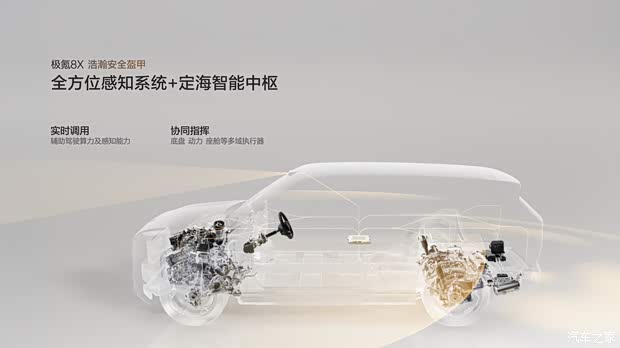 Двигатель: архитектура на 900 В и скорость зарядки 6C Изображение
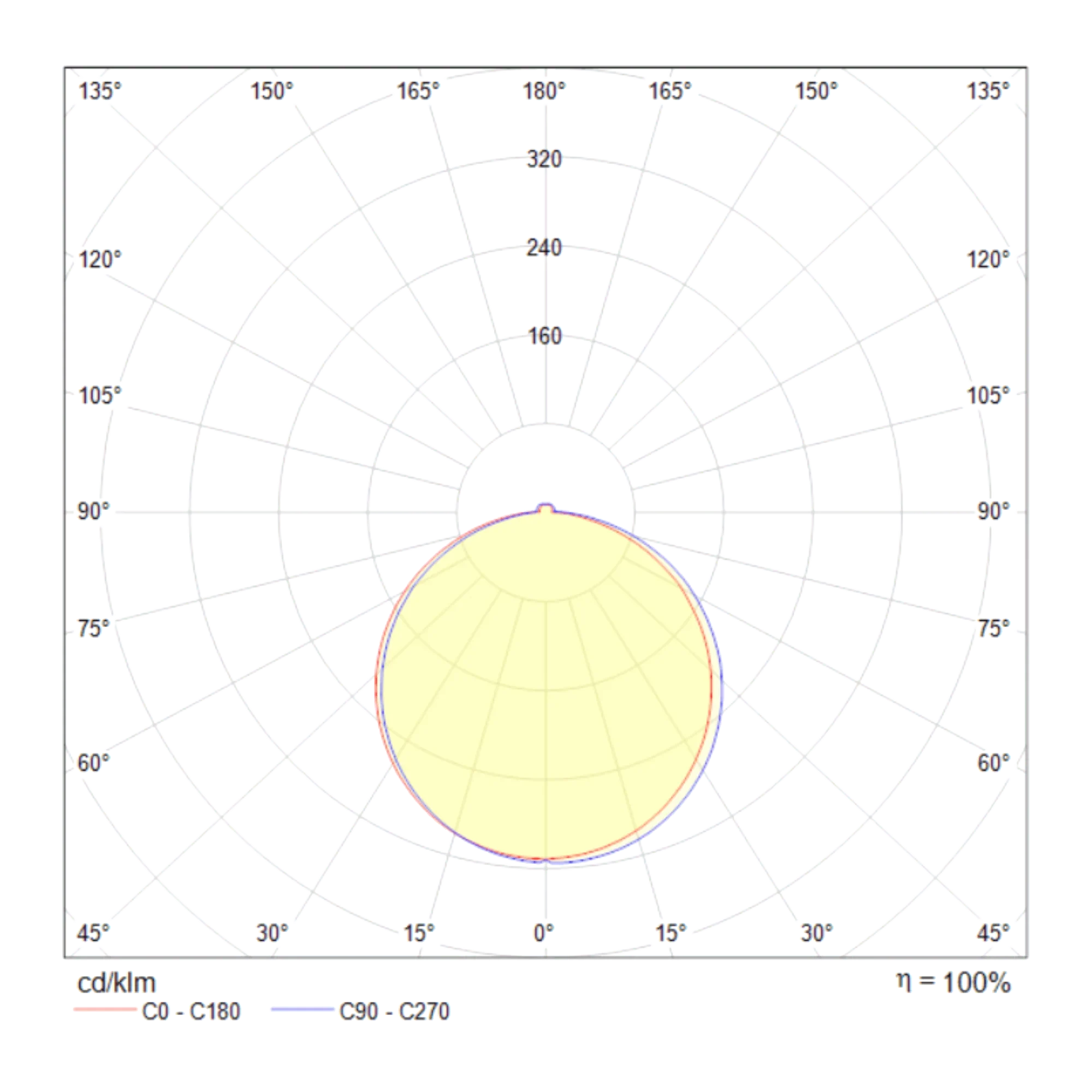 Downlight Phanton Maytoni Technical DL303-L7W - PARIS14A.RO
##############################
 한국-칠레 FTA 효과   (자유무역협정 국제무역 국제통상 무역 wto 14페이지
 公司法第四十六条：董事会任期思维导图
##############################
Once the line with "Двигатель: архитектура на" is found above, print it and every line after it through the line with "Downlight Phanton Maytoni", exactly. Pictures stay out.

**Written response:**
 Двигатель: архитектура на 900 В и скорость зарядки 6C Изображение
 Downlight Phanton Maytoni Technical DL303-L7W - PARIS14A.RO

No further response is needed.